From time to time, I like to read works outside speculative fiction. And when I do, thrillers are something I enjoy reading. To me, thrillers are like quickies. Not necessarily very fulfilling, but nevertheless satisfying. It's fast, fun, and it brings a certain satisfaction!;-) You get your fix, and then you move on. Okay, so enough of this poorly devised sex life analogy.:-) I enjoy thrillers because they keep you turning pages, always eager to discover what happens next.

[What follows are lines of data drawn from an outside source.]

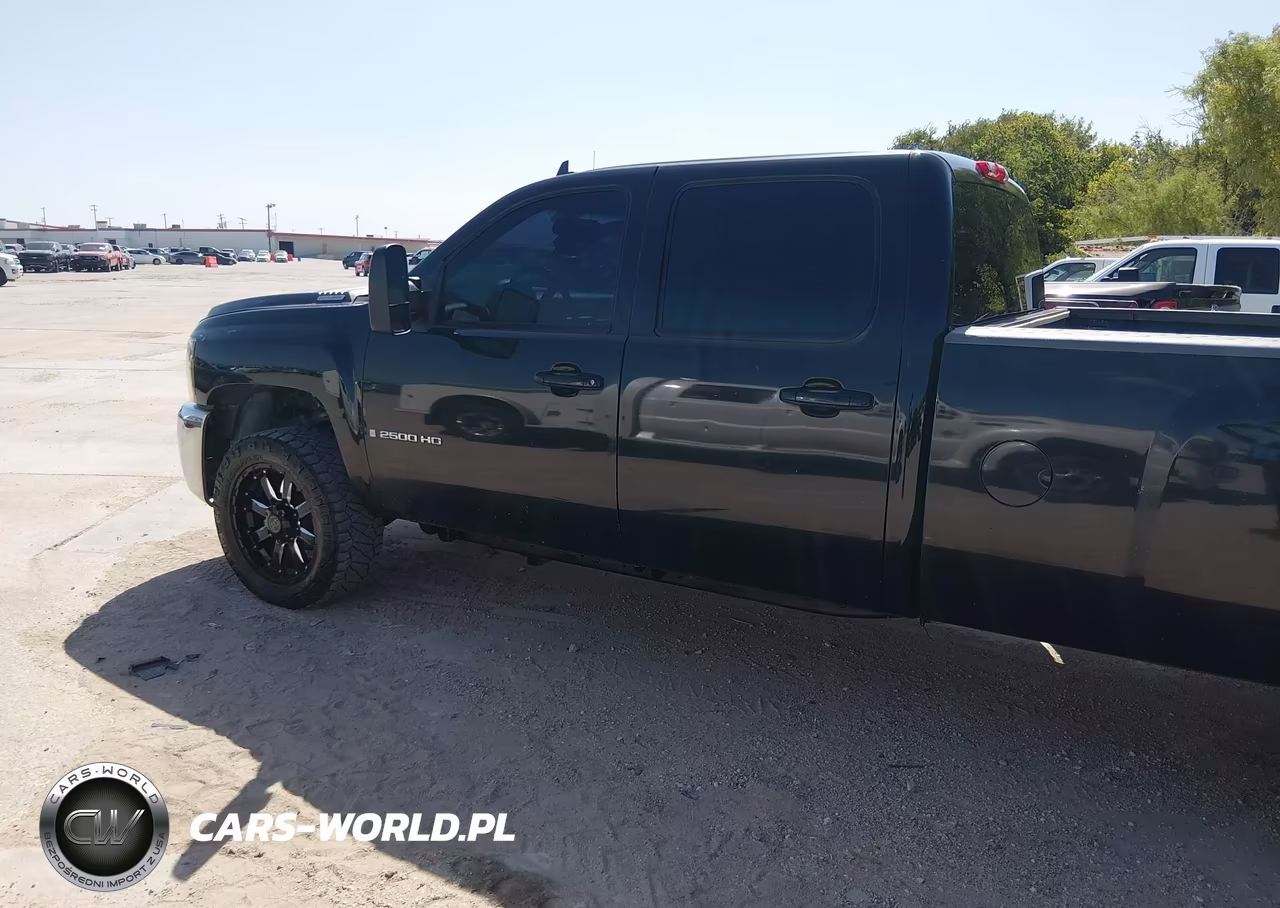 2007 Chevrolet Silverado 2500Hd Ltz VIN:1GCHK23687F557559 - 14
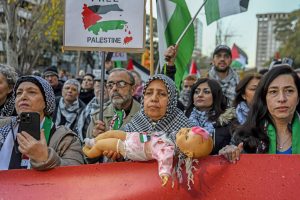 AA 20240120 33490952 33490941 PROPALESTINIAN DEMONSTRATION IN SPAIN.jpg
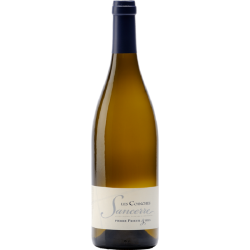 Photographie d'une bouteille de vin blanc Prieur Les Coinches 2023 Sancerre Blc 75cl Crd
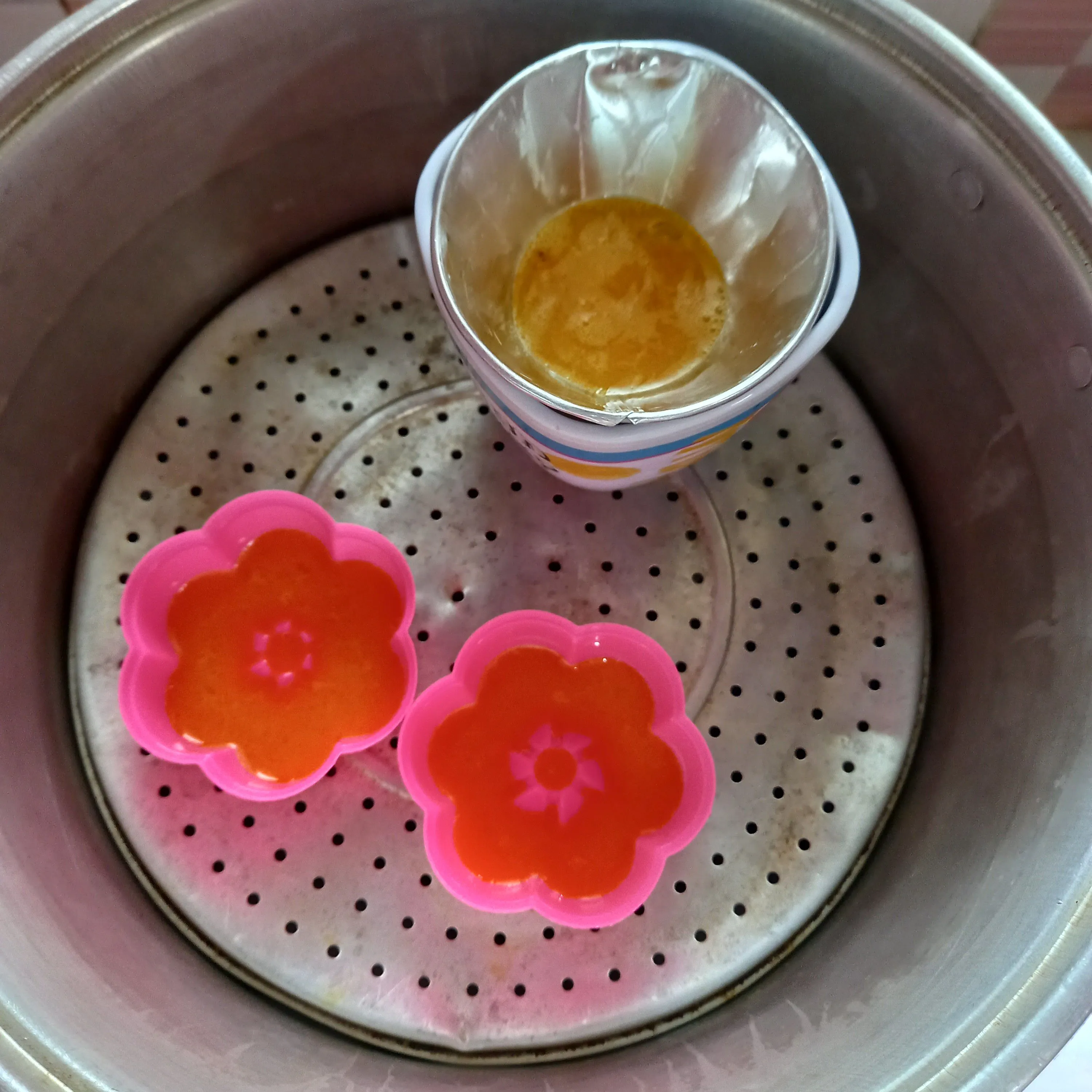 Step 2 Puto Flan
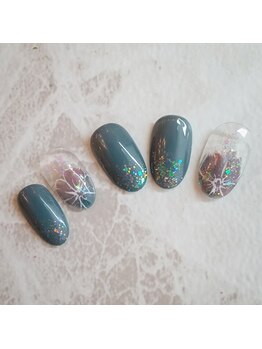 ラボーテ 月が丘店(La beaute)/ハンドサンプルデザイン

Ian Caldwell and Dustin Thomason's The Rule of Four garnered mixed reviews. Yet the novel has gathered an impressive number of rave reviews. One claims that it's a «The Da Vinci Code for people with brains.» I bought this book last year, but waited all this time to read it. I needed something "light" to read at work as I was going through Steven Erikson's Gardens of the Moon at home. Yes, it does say a lot about what I think of my fellow colleagues, but what the heck!?!
Well, if anyone is purchasing The Rule of Four hoping to be served a fair similar to that of Dan Brown's Angels and Demons and The Da Vinci Code, they will be sorely disappointed. Other than an ancient riddle to solve, this book is in no way akin to the aforementioned titles.
I won't dwell too much on that aspect, but let's just say that those who found this book profoundly erudite and a brilliant accomplishment were a bit overexcited. Truth to tell, the whole riddle storyline ends in rather lame fashion.
No, what makes this novel «compulsively readable» is the coming-of-age storylines involving the four Princeton roommates. They are the heart of this book. The characterizations are superior to most of what you can find on bookstores' shelves in today's market. The relationships between Paul, Tom, Gil and Charlie are what makes this such an enjoyable story.
The authors demonstrate a human touch that is seldom seen. The narrative explores what they are going through on the eve of graduation, and this is the facet of the novel which is truly inspiring. Forget the hype. Forget the riddle. Forget that it's a thriller, for it's not truly a thriller. The Rule of Four won't make history. Indeed, it likely made it to the NYT bestseller list riding on The Da Vinci Code's coat-tails.